Оправдываться перед ним было бы нелепо, но молодой человек, стремящийся к настоящему труду на кирпичном заводе, вызывал симпатию, и захотелось мягко объяснить ему, как ещё мало он понимает в литературе и тем более в жизни. Захотелось рассказать о диалоге в письмах с известным либералом Михайловским[8], который тоже возмущался сотрудничеством писателя в суворинской газете.

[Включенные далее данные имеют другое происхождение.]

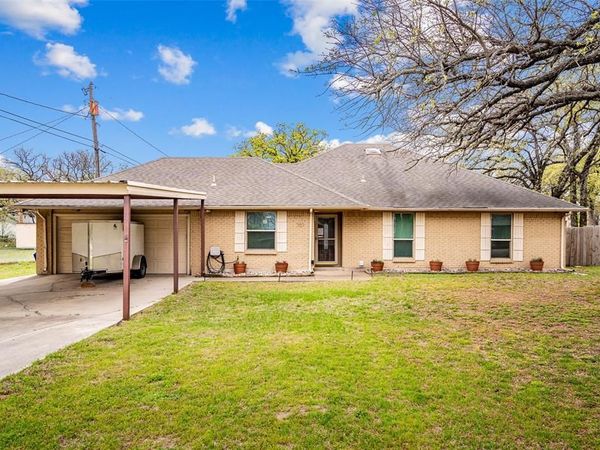 701 Wood Lane, Azle, TX 76020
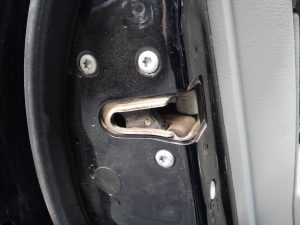 CERRADURA PUERTA TRASERA IZQUIERDA JEEP COMPASS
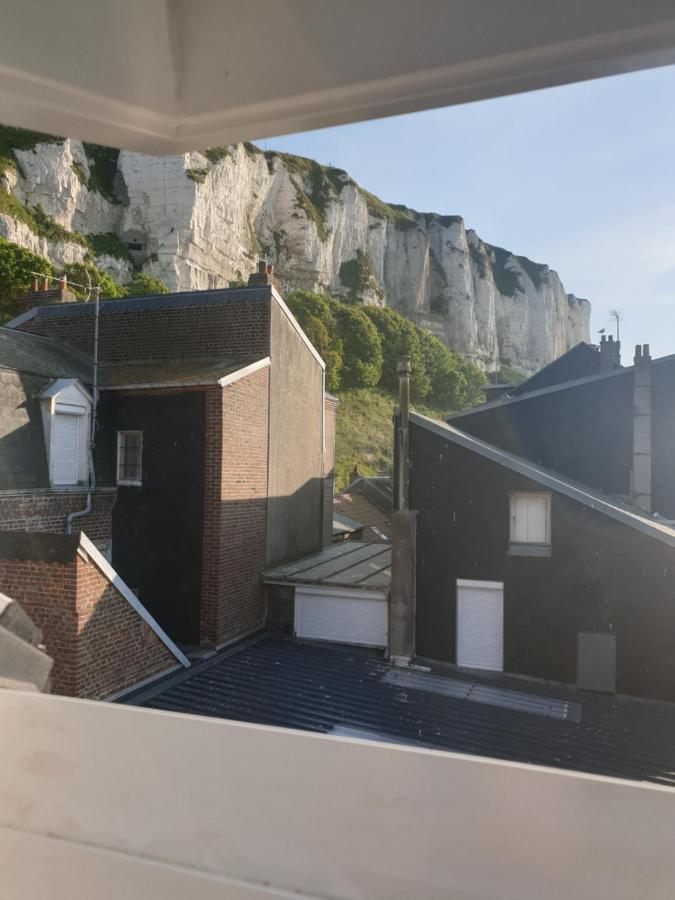 Notre Nid - Grande Terrasse Privee En Bord De Mer, Au Coeur Du Quartier Historique Du Treport ! Wifi Le Tréport Esterno foto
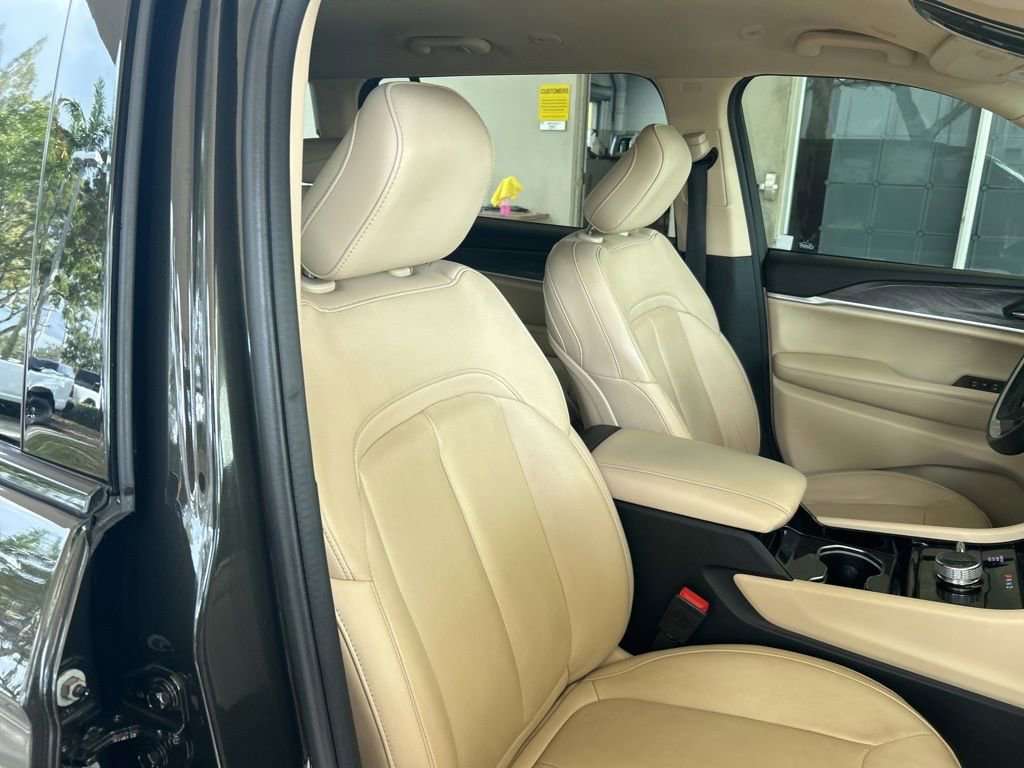 Used 2022 Jeep Grand Cherokee L Limited image 20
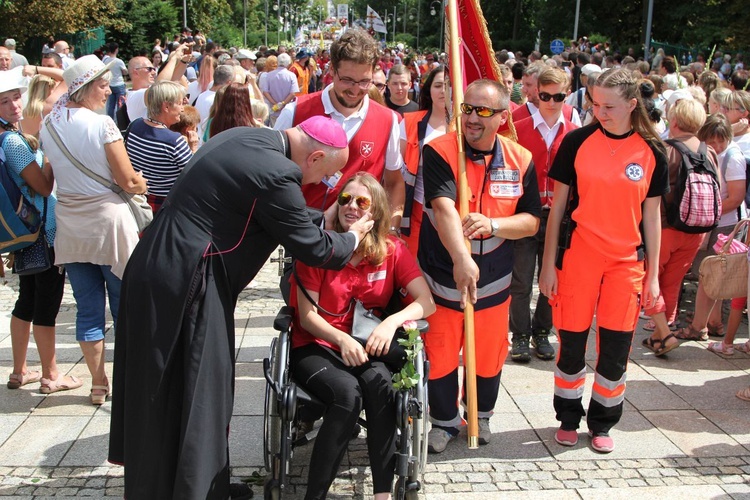 Powitanie 28. Pielgrzymki Diecezji Bielsko-Żywieckiej - grupy hałcnowskie na Jasnej Górze - 2019; cz. 2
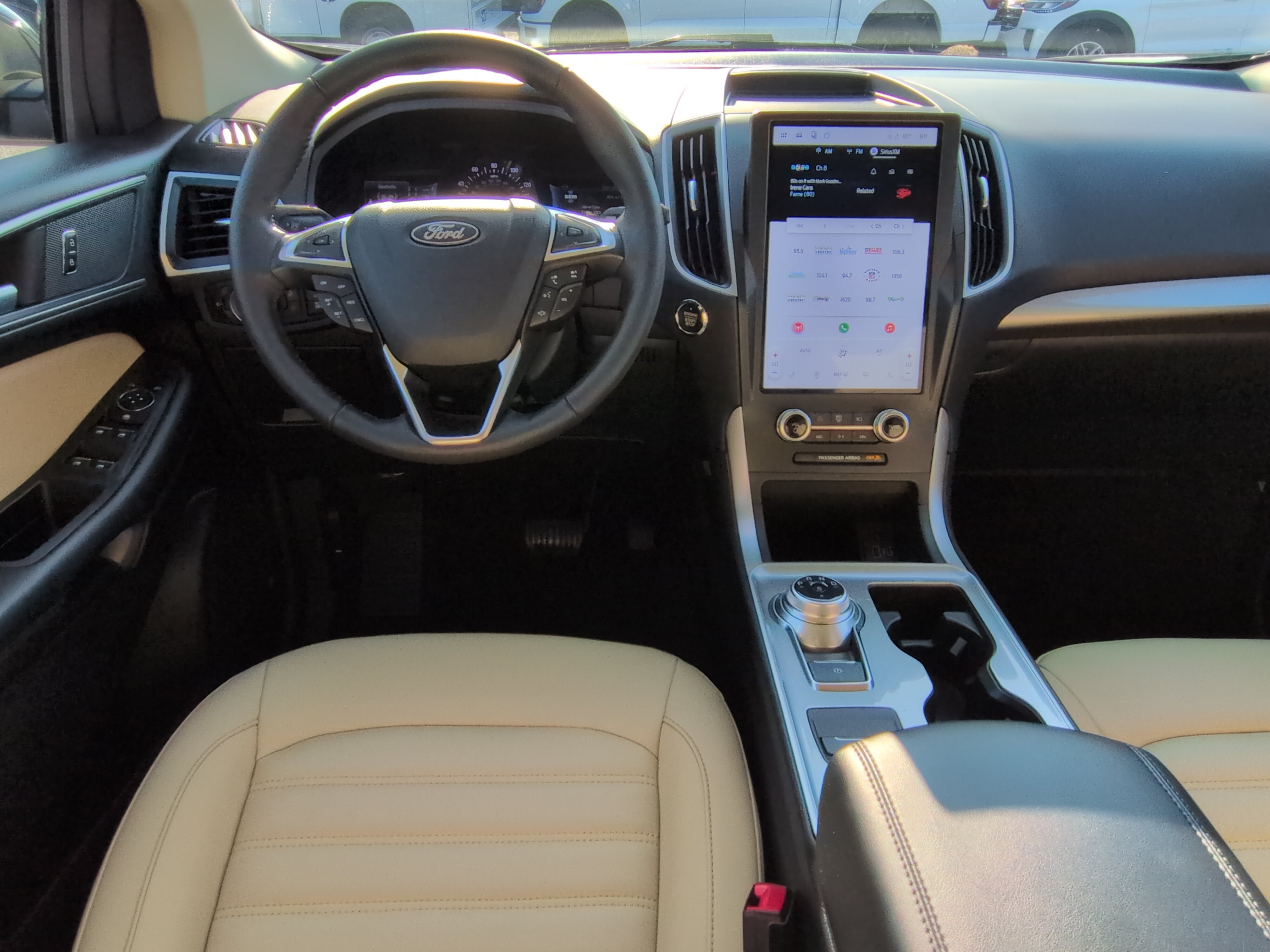 Certified 2024 Ford Edge SEL w/ Convenience Package AWD/4WD image 14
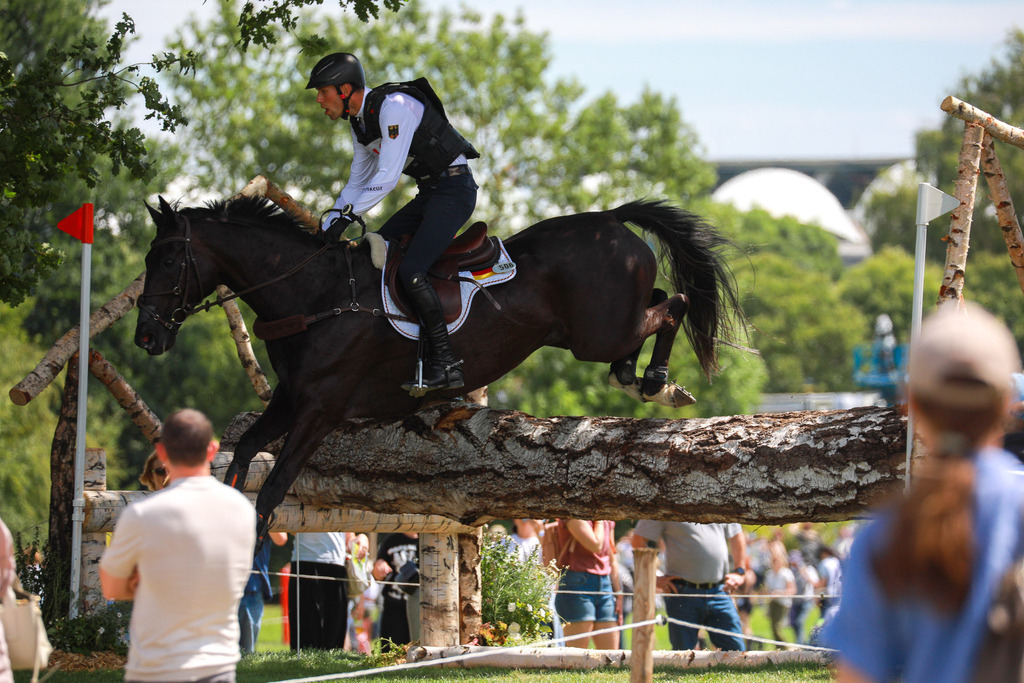 00_Vielseitigkeitsreiter_01 | Bildergalerie von Sport-Ereignissen aber auch von weiteren spannenden Dingen - nicht nur vom Niederrhein. In Anlehnung an den bekannten Spruch von Hanns Dieter Hüsch heißt das Motto: "Niederrhein ist überall".  - Realisiert mit Pictrs.com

— Я написал ему, что пусть лучше прочтут в «Новом времени» мой рассказ, чем какой-нибудь ругательный недостойный фельетон.
— И он согласился с вами?
— Нет. По его мнению, моё сотрудничество в газете только даёт ей лишних подписчиков, то есть новых читателей грязных фельетонов.
— Он же прав!
— Да, он прав, как прав импотент, обвиняющий здорового мужчину в том, что тот живёт с дурной женщиной.
Поручик не нашёлся с ответом, смутился и даже мило покраснел.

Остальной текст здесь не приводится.